Dizia-me então que o referido Aragão tinha sido levado por uma hoste de guerrilhas e que a criada, ou governanta teria seguido na sua peugada com um saco de dinheiro em prata oferecendo-o no sentido de livrar o seu amo, o que não se verifica e acaba por ser assassinado próximo de Afonso Vicente, onde acabou por ser erguido, por esse motivo, um calvário.
Muitos anos depois e em contacto com esta povoação fui informado por um afonso-vicentino, já octogenário (3) que se lembrava ainda de ter visto o assento do calvário, mas desconhecia completamente a sua estória.
Mais uma vez, e como é natural, desapareceu o “monumento” mas ficou o nome.
Todos os que conhecem aquela zona sabem localizar onde é a Portela e a Eira da Cruz, a estória é que poucos hoje conhecerão. Aqui fica para a posteridade.
CALVÁRIO DE ISABEL VAZ
[A caminho do sítio da Isabel Vaz, 1989]
Situava-se este cruzeiro muito perto do monte de Afonso Vicente, mais propriamente tomando o caminho Norte da povoação, em direcção ao Serro da Machada. Cerca de duzentos metros andados, do lado direito do caminho, ainda conheci o soco de calvário, erigido para assinalar o lugar onde morreu alguém de uma maneira dramática.
Além dos idosos, gente ainda relativamente jovem sabe situar tal base, mas só os mais velhos sabem contar a razão da sua existência.
Curioso destas situações, vieram-nos contar (4) a estória que receberam de geração em geração, sem a poderem situar no tempo.
Marcadamente situada no século XIX, é-nos contado que uma moça do monte de Afonso Vicente foi levar a um dos moinhos da ribeira do Vascão um saco de trigo a fim de ser transformado em farinha para a confecção semanal da “amassadura”, base da alimentação destes povos. Carregado o burro, regressa ao “monte”com a preciosa carga. Depois de percorridos alguns quilómetros e já próximo do “monte” o burro espantou-se, corre desalmadamente e a moça não o aguenta e cai, de tal maneira que presa à arreata, da qual não se consegue desembaraçar, é arrastada e acaba por morrer.
A dor e o constrangimento de tal situação, pouco vulgar, fez os familiares erigirem um pequeno “monumento” para assinalar tão inaudito acontecimento e para que perdurasse, como memória, através dos tempos.
O cruzeiro há muito que desapareceu, e à sua base, que ainda conheci, penso que já aconteceu o mesmo.
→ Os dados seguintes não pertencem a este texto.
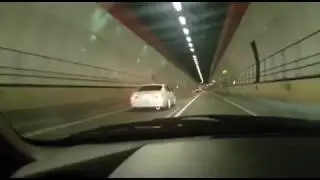 JZX100 Chaser tunnel run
Muita gente conhece o sítio rústico da Isabel Vaz, antropónimo e nome de família vulgares na zona e constante da desaparecida matriz predial rústica.
Desapareceu o calvário, ficou contudo e para todo o sempre, o nome da vítima, nele invocado: ISABEL VAZ
NOTAS
(1) – D. Belmira Lopes, neta do Capitão Paulo José Lopes que foi Presidente da Câmara de Alcoutim. Ficou sepultada no cemitério de Alcoutim, no único jazigo existente e junto de sua filha única, falecida aos dezoito anos e vítima de tuberculose.
(2) – Em documentação do Arquivo Histórico da Câmara Municipal de Alcoutim encontrei referência a um Aragão mas que por falta de mais dados não me possibilitou a identificação desejada.
(3) – António José (vulgo Frederico), natural de Afonso Vicente e recentemente falecido.
(4) - Maria Catarina Borralho, natural de Afonso Vicente, então octogenária e já falecida.